Netflix performed better than expectations during the second quarter of 2017, picking up over five million new subscribers and seeing one of the largest boosts to its stock prices. Those points were revealed in Netflix’s Q2 shareholder statement, which painted an optimistic picture for the rest of the year after earlier predictions had some investors worried. Netflix stock rose 9 percent to 15 cents a share, just one cent shy of most predictions. Still, that news is welcome in light of Netflix’s recent astronomical spending which saw the streaming giant spend $608.4 million in cash in Q2.

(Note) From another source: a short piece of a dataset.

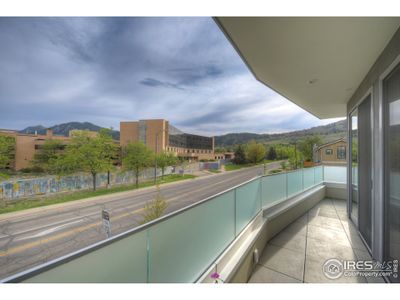 New construction Townhouse house 2805 Broadway St, Unit A, Boulder, CO 80304 - photo 18 18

The Netflix stock boost means the company’s revenue now adds up to around $2.67 billion. That revenue is thanks to a 5.2 million net increase in new subscribers, 1.07 million of which live in the U.S. and 4.14 million are overseas. Those new international subscribers are largely the result of Netflix’s massive push for a greater worldwide presence lately which includes the opening of a new international support center and a successful campaign to ease restrictions on streaming content across borders in the EU.

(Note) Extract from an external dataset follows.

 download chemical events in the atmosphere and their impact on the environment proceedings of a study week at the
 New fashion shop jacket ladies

In a note released to shareholders, Netflix CEO Reed Hastings writes that much of Netflix’s recent financial growth is due to the company’s bold vision as seen in its many groundbreaking original series:
We strive to be bold in our programming choices and financially disciplined, so we can keep being bold. Every show has passionate fans and committed talent striving for excellence. With our content strategy paying off in strong member, revenue and profit growth, we think it’s wise to continue to invest. In continued success, we will deploy increased capital in content, particularly in owned originals
The success of original series like Stranger Things, 13 Reasons Why, and House of Cards have attracted not only new subscribers and the stock market, but also the Academy of Television Arts & Sciences. Netflix picked up a total of 91 Emmy nominations this year, showing that Netflix is a force to be reckoned with critics and investors alike.